Константин Алексеевич, не будучи таким вдумчивым, глубоким и молчаливым, как Валентин Серов, являясь по характеру полной его противоположностью, казалось бы, не мог быть портретистом. Казалось бы, не мог. А выходило, да еще как: Любатович, Чичагов, Морозов, Шаляпин! Все это — портреты и притом жизнерадостные, как сам веселый Коровин. Он не любил молчаливого позирования: будучи превосходным рассказчиком, шутил и веселил позировавших во время сеансов. Вероятно, испанкам, позировавшим для его шедевра “Испанки”, нравился этот веселый и красивый русский художник. Это видно по выражению их лиц.

Говорить о Коровине только как о художнике, наделенном изумительным глазом, было бы неполно. В творчестве Коровина заключено не только колористическое очарование.
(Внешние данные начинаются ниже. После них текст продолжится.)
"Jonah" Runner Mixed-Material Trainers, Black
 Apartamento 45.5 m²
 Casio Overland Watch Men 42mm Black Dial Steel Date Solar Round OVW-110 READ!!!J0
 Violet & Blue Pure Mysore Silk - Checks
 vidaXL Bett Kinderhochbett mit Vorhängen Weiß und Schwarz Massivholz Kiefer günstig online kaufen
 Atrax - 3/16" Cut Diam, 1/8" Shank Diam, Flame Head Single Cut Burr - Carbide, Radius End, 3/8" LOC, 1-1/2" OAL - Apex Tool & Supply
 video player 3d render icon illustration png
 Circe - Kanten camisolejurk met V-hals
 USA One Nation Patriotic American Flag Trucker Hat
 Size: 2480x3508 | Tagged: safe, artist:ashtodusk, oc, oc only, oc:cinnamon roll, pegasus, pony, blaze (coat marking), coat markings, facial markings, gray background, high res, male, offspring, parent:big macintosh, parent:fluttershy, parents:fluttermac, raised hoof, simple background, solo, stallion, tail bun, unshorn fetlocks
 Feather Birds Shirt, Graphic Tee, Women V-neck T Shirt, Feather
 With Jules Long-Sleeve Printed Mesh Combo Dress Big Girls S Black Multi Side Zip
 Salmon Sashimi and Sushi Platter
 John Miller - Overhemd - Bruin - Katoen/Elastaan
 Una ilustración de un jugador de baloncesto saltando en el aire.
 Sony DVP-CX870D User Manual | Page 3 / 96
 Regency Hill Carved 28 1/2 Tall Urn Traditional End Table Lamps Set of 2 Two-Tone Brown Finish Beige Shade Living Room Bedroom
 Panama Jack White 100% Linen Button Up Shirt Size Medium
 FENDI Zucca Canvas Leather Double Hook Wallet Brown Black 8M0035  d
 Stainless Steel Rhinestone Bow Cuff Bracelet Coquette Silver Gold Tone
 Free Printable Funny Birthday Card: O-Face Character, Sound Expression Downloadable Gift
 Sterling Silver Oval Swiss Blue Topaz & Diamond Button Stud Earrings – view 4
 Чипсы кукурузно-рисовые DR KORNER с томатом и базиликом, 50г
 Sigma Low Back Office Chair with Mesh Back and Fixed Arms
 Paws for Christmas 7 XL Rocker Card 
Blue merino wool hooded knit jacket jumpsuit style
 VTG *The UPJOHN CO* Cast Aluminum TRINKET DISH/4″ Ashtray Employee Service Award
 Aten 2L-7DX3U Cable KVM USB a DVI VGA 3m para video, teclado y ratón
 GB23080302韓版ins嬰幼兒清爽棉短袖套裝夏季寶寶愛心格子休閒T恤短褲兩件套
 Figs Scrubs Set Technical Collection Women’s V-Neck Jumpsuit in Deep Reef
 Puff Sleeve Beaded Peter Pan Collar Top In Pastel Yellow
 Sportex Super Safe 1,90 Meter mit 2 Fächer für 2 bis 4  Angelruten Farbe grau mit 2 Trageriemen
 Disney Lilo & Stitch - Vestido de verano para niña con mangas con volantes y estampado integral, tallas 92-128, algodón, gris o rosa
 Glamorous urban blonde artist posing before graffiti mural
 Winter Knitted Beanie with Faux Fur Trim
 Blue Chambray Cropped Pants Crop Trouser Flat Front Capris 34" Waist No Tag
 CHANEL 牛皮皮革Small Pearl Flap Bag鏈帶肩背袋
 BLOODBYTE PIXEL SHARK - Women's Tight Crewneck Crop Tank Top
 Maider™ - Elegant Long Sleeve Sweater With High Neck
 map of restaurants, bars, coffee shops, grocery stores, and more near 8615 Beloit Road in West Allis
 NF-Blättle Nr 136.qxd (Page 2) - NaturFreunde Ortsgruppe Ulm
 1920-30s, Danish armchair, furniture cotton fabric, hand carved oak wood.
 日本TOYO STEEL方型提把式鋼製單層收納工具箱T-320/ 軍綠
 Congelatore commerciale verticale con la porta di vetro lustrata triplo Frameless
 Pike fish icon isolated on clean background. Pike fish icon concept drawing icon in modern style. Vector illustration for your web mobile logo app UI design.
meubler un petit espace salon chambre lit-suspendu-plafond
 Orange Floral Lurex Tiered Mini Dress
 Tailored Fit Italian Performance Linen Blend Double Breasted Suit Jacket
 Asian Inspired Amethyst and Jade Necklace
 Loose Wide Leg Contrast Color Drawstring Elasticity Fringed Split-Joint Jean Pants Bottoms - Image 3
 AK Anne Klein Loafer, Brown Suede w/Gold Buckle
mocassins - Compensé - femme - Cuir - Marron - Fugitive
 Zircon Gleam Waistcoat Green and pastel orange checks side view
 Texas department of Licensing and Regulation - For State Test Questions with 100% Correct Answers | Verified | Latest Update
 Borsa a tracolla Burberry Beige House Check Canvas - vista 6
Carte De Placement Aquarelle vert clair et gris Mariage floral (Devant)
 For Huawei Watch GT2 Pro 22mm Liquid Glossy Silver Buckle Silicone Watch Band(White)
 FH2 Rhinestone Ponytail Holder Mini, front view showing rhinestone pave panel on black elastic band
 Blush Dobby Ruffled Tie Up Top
Коровин — это живописец, создавший целую художественную школу, лидер объединения “Союз русских художников”, из которого вышли представители московской школы; под несомненным его влиянием .сложились такие живописцы, как Архипов, Виноградов, Жуковский, Туржанский, Петровичев, Юон и многие другие.

Коровин был наделен гораздо большим, чем только колористический глаз.

Больше всех писателей и поэтов он любил солнечного Пушкина. Это так понятно для светлого Коровина. Нам, студентам его мастерской, он как-то раз дал тему “В окно увидела Татьяна…” Конечно, нет надобности приводить эти строфы из “Евгения Онегина”, всякий их помнит и знает, как эти стихи отвечают чувству любого человека, когда он утром выйдет на улицу и увидит первый снег — “как ярко, как бело кругом”. Это радостное чувство охватывает всю душу человека.

И я представляю себе восторг такого художника, как Коровин, когда он писал свой знаменитый этюд “Зима” (Третьяковская галерея). Этот этюд, на мой взгляд, сыграл такую же историческую роль, как “Грачи прилетели” Саврасова. Если взять период русского пейзажа после появления “Зимы” Коровина, то это будет целая полоса “зим” не только мастеров пейзажа, но поколения учеников Московской школы живописи.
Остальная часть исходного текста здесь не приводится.